Assamese OCR Image Preprocessing: Scan Quality Guide for Maximum Accuracy
A technical guide to preparing scanned images for Assamese OCR — covering DPI selection, binarization, deskewing, despeckling, contrast enhancement for faded manuscripts, and phone camera vs flatbed scanner tradeoffs.
Why Preprocessing Is Not Optional
Most OCR accuracy problems are set before recognition begins — they are failures of image quality, not failures of the recognition engine. An Assamese OCR engine can only work with the pixel information provided. If the image has skew, noise, or insufficient resolution, the recognition engine has no way to recover what was never captured.

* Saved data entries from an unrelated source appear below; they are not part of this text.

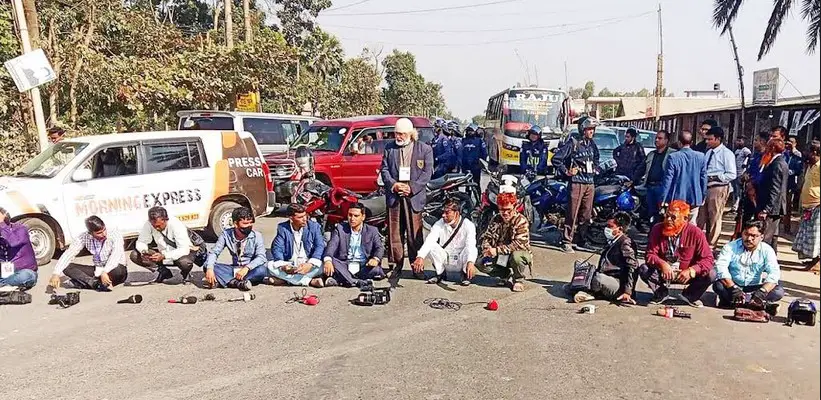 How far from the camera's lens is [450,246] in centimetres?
789

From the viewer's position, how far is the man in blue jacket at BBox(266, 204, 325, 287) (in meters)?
7.66

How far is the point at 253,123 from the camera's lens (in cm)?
1603

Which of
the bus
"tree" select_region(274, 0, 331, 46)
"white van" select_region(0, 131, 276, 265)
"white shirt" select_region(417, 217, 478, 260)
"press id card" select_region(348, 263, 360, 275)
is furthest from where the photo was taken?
"tree" select_region(274, 0, 331, 46)

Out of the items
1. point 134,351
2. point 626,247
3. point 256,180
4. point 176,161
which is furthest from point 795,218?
point 134,351

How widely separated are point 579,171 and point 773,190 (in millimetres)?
2499

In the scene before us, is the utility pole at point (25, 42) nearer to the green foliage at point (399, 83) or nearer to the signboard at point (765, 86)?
the signboard at point (765, 86)

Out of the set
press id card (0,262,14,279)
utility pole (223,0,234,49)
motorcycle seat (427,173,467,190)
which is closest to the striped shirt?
press id card (0,262,14,279)

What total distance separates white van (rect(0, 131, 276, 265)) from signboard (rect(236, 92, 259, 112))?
36.4ft

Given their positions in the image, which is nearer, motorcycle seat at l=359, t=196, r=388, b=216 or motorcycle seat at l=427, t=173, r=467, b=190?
motorcycle seat at l=359, t=196, r=388, b=216

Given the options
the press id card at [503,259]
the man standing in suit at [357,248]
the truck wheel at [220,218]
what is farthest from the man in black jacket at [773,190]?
the truck wheel at [220,218]

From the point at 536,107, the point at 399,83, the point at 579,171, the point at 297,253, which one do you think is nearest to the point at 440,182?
the point at 579,171

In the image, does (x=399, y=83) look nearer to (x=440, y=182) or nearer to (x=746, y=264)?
(x=440, y=182)

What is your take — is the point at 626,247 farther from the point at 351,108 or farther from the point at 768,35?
the point at 351,108

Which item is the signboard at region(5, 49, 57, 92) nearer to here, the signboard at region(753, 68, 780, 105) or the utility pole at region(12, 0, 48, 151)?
the utility pole at region(12, 0, 48, 151) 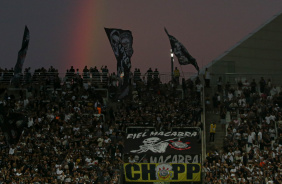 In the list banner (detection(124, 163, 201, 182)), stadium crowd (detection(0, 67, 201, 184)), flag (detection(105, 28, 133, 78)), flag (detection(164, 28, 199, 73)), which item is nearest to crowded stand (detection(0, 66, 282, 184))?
stadium crowd (detection(0, 67, 201, 184))

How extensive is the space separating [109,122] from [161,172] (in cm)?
569

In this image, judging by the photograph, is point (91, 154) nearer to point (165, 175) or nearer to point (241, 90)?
point (165, 175)

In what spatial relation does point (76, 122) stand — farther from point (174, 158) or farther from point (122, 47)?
point (174, 158)

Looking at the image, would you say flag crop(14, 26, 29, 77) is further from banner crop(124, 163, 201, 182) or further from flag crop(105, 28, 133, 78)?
banner crop(124, 163, 201, 182)

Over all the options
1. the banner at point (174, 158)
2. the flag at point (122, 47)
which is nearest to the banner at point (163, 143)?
the banner at point (174, 158)

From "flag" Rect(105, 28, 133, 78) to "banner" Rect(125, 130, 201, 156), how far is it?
15.8ft

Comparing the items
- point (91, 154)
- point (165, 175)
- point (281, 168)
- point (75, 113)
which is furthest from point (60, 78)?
point (281, 168)

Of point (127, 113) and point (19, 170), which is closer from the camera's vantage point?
point (19, 170)

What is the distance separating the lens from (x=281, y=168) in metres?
33.2

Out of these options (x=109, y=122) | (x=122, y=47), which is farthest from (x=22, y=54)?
(x=109, y=122)

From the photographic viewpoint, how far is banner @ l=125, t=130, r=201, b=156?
3678cm

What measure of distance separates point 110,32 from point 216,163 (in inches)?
456

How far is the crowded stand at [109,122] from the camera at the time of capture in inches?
1353

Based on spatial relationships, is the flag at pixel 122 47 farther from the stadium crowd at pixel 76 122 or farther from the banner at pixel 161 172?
the banner at pixel 161 172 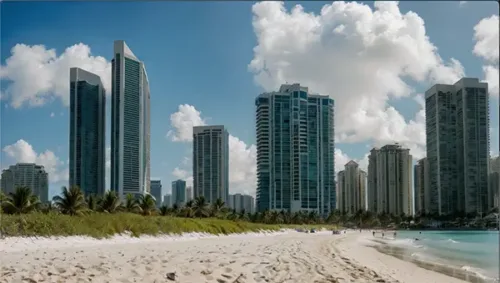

The gap between a poorly prepared and well-prepared scan of the same document can exceed 15 percentage points in character accuracy for Assamese script — because features like the hasanta (্) subscript, the lower loop of ৰ, and the distinction between ো and ৌ (split matras) rely on fine detail that only high-quality scans preserve.
For the structural reasons why Assamese OCR is more sensitive to scan quality than English OCR, see the technical breakdown of Assamese OCR challenges. For the complete scan-to-text workflow including what happens after preprocessing, see the Assamese image to text guide.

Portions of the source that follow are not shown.